The chances are, he will be satisfied. Of course, if he is not, you can try putting in more parameters to this and fine-tune the output. You might say that that the AUX philosophy has been compromised, because the meaning of x.lpf(1000) is not universal. There is a risk of disagreement between my choice of "default" filtering parameters and yours. But, from the user's perspective, having default parameters and evaluating them to see if they are appropriate for their needs (and if not, they can always put additional parameters, that's an easy solution) is better than not having the "default" because they may never be perfect. Therefore, in terms of practical functionality of the software, I consider this an acceptable compromise. Those who still do not agree with this approach can simply ignore these four functions and design their own filters and use the filt or filtfilt function, as done in MATLAB.
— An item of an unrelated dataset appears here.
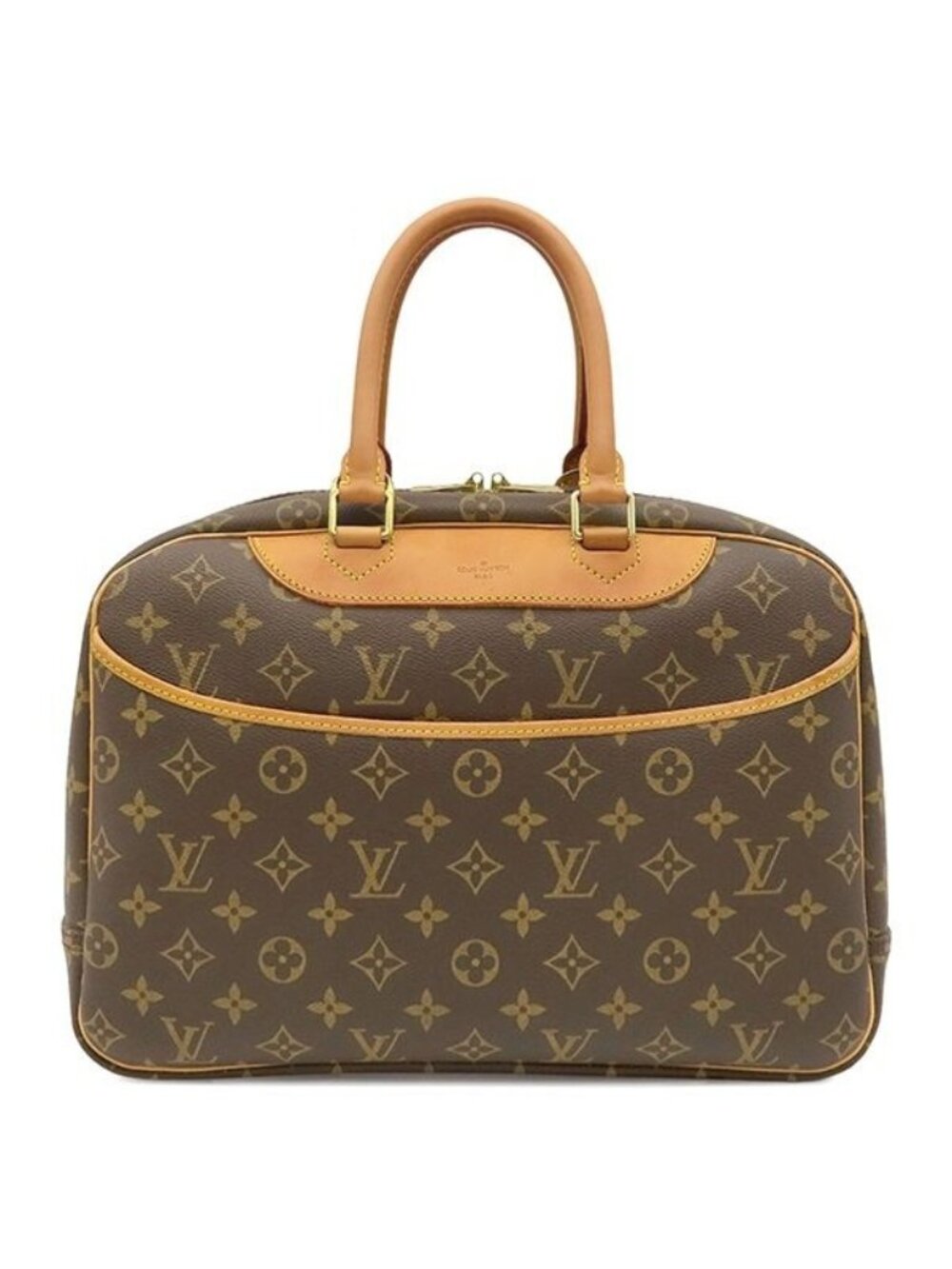 Louis Vuitton Handbag Deauville Monogram Canvas Gold Brown Bowling Vanity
It goes even further. Another example is time-stretching(-expanding) or frequency-altering of the signal. For those who are haven't studied signal processing enough, this is completely different from the case of shifting the spectrum mentioned above. Much like filtering, there is no single algorithm for this type of processing that everyone indisputably agrees. Worse than filtering, not all engineers can do this off the top of their head. That is why most of the algorithms for these kinds of processing are proprietary and usually included in expensive DAW packages. Regardless of engineer's opinion, for "audio people," these seemingly simple features--just stretch or compress the signal in time without changing the pitch, or increase or decrease the pitch while keeping the duration--are so appealing and desired. Therefore, I included them as built-in functions.
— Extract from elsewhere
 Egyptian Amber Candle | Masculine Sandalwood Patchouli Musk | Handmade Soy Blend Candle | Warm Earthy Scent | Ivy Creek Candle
x.tscale(1.1) //stretch the signal by 1.1 times longer
x.fscale(5) //increase the pitch by 5 semitones

Notice that these examples are an even worse deviation from the AUX philosophy than filtering, as more advanced algorithms are required and not readily understandable to many users. Again, I think users would be happy to have them as built-in functions, because the alternative is, not having them. Plus, AUXLAB is free, you can't beat the cost. For whatever reasons, if you don't like the performance of these functions, you are welcome to develop your own functions (and please share them with others), now with the debugger, AUXLAB offers significantly more user-friendly environment to develop audio processing algorithms than any other platforms.

Anyway, there is no regret for allowing these compromises. With proper justifications, functionality can override philosophy.

What do you think?

Re: Ideal AUX philosophy and compromises

Posted: April 18th, 2019, 9:39 pm
by bjkwon
Update---the tscale and fscale functions mentioned above were based on the phase vocoder and the performance was not satisfactory. Sometimes it was embarrassingly bad, so I decided to leave them out of the built-in functions list.
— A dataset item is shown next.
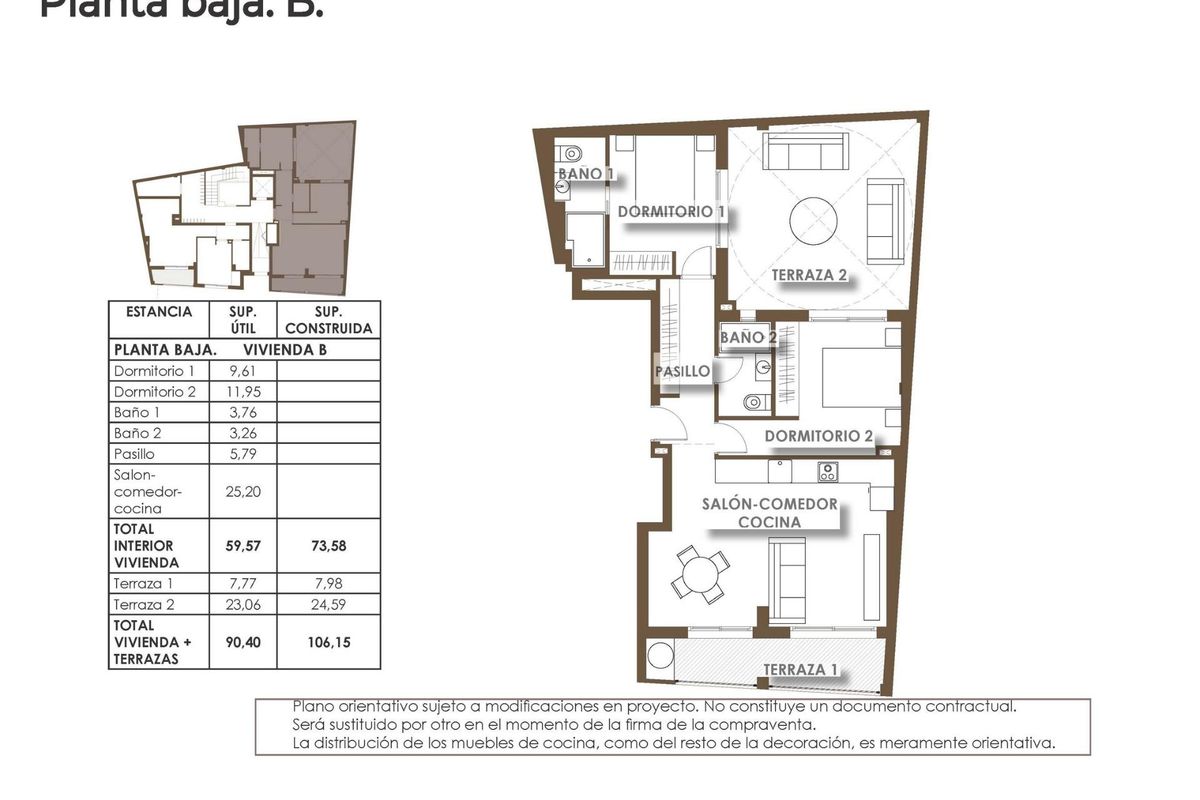 Plattegrond van een 2-slaapkamer appartement op de begane grond in Torrevieja, Costa Blanca, met indeling.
But, a little later, I came across the WSOLA algorithm, http://www.audiolabs-erlangen.de/resour ... SMtoolbox/, which showed very good performance. So I adopted the algorithm (i.e., I translated their MATLAB code into my C++ code) and put these functions back, but with different names as following:

x.timestretch(1.1) //stretch the signal by 1.1 times longer
x.pitchscale(1.1) //increase the pitch by the factor of 1.1 times

Despite this algorithm working quite well, the point I was making in the original post still stands. A lot of people, including myself, seem to be happy with it but It is not perfect by any means, they are there for practical reasons and the WSOLA algorithm is best choice for now, but it is not the ultimate, choice.